La figlia della coppia, che è una scrittrice, ha raccontato poi in un articolo di giornale che il content creator si era rifiutato di cancellare il video, nonostante gli fosse stato detto che la coppia di anziani stava vivendo molto male la situazione, dal momento che il post aveva troppe visualizzazioni e interazioni per rinunciarvi. «I miei genitori, che si stavano soltanto facendo gli affari propri, dovrebbero avere diritto alla privacy. Gli artisti di strada hanno bisogno del permesso per cantare negli spazi pubblici, ma chiunque abbia un telefono cellulare può “esibirsi” senza permesso e costringere uno sconosciuto a far parte del loro “contenuto” senza consenso», ha scritto. «Forse non possiamo impedire alle persone di filmare e caricare queste sciocchezze, ma non dobbiamo accettarle o consumarle».

La prassi di coinvolgere persone che non si conoscono nei propri contenuti destinati a una platea potenzialmente enorme online esiste da anni, ma è cresciuta a dismisura con l’ascesa di TikTok, che rende molto più facile sia produrre ed editare video di una discreta qualità, sia intercettare l’attenzione di milioni di persone da un momento all’altro. La possibilità di diventare famosi in modo molto più veloce rispetto alle altre piattaforme social ha portato moltissime nuove persone a dilettarsi nella creazione di contenuti: chi lo fa cerca spesso di individuare un formato che risulti abbastanza divertente, strano o sconcertante da trattenere l’attenzione degli utenti il tanto che basta per insegnare all’algoritmo che vogliono vedere altri contenuti simili.

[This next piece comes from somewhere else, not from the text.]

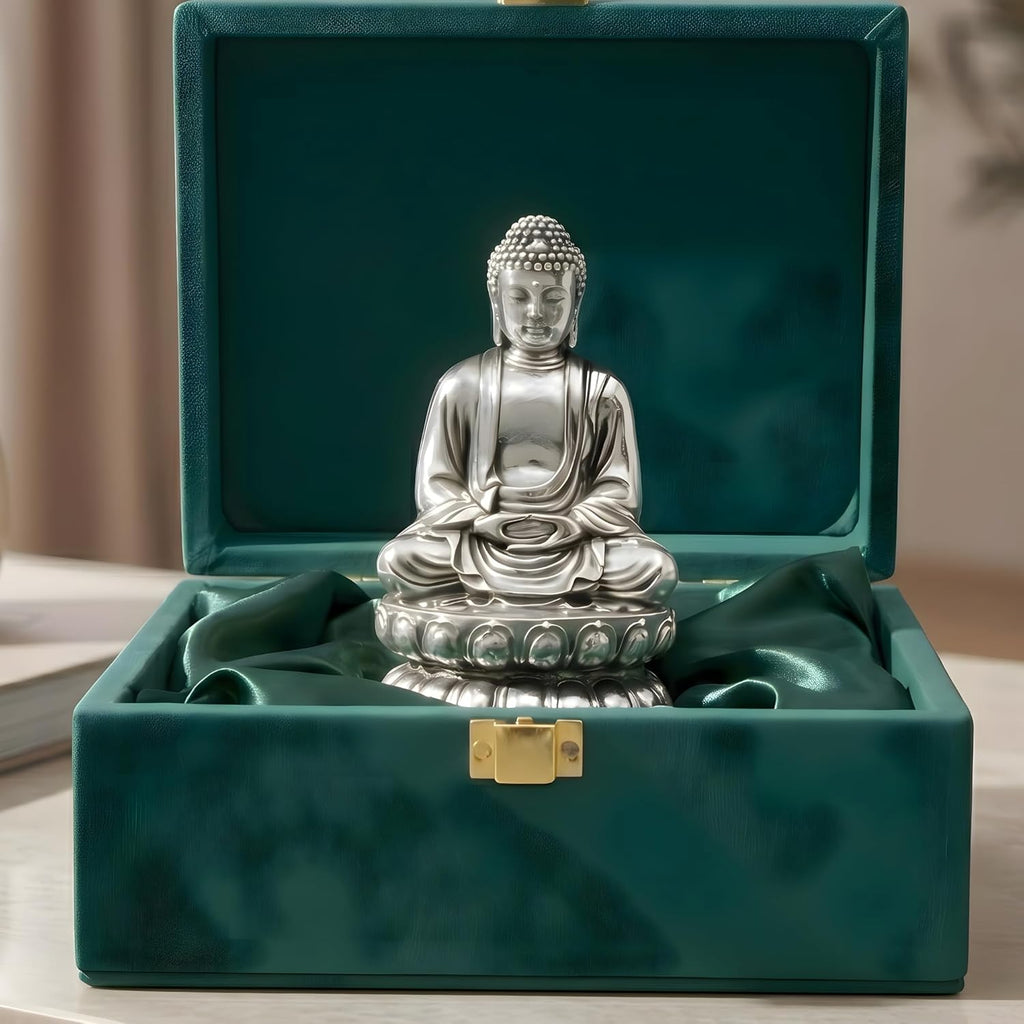 Buddha Silver-Plated Idol (4")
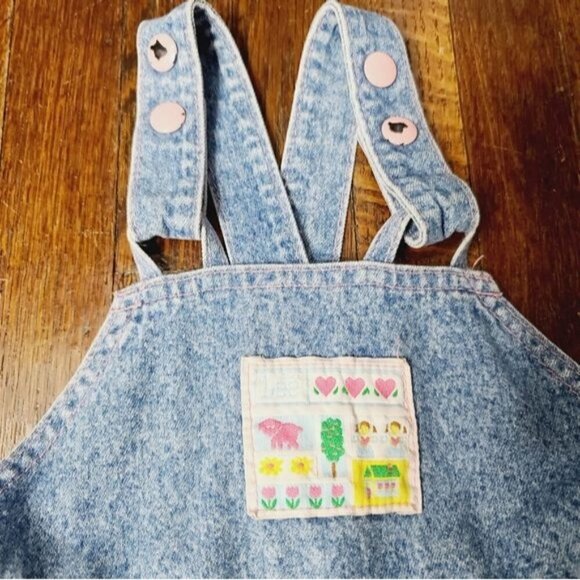 Vintage 80s 90s Lee Jeans Girls Denim Overalls Cottagecore Retro 4T - Picture 2 of 11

Tra i formati di maggiore successo, probabilmente perché richiedono tendenzialmente poca preparazione e originalità, c’è quello impiegato dal tiktoker australiano in questione, in cui il creator esce di casa con il cellulare e un piccolo microfono e ferma i passanti per fare loro delle domande: che canzone stai ascoltando? Quanto sono costati i vestiti che indossi? Quanto paghi di affitto? Altri semplicemente filmano persone che non conoscono e mettono insieme i video per ottenere piccole collezioni di momenti della vita quotidiana altrui: coppie che si scambiano tenerezze sui mezzi pubblici, persone vestite particolarmente bene riprese mentre camminano per strada. Gente che finisce inconsapevolmente all’interno di video che possono ottenere anche milioni di visualizzazioni e commenti.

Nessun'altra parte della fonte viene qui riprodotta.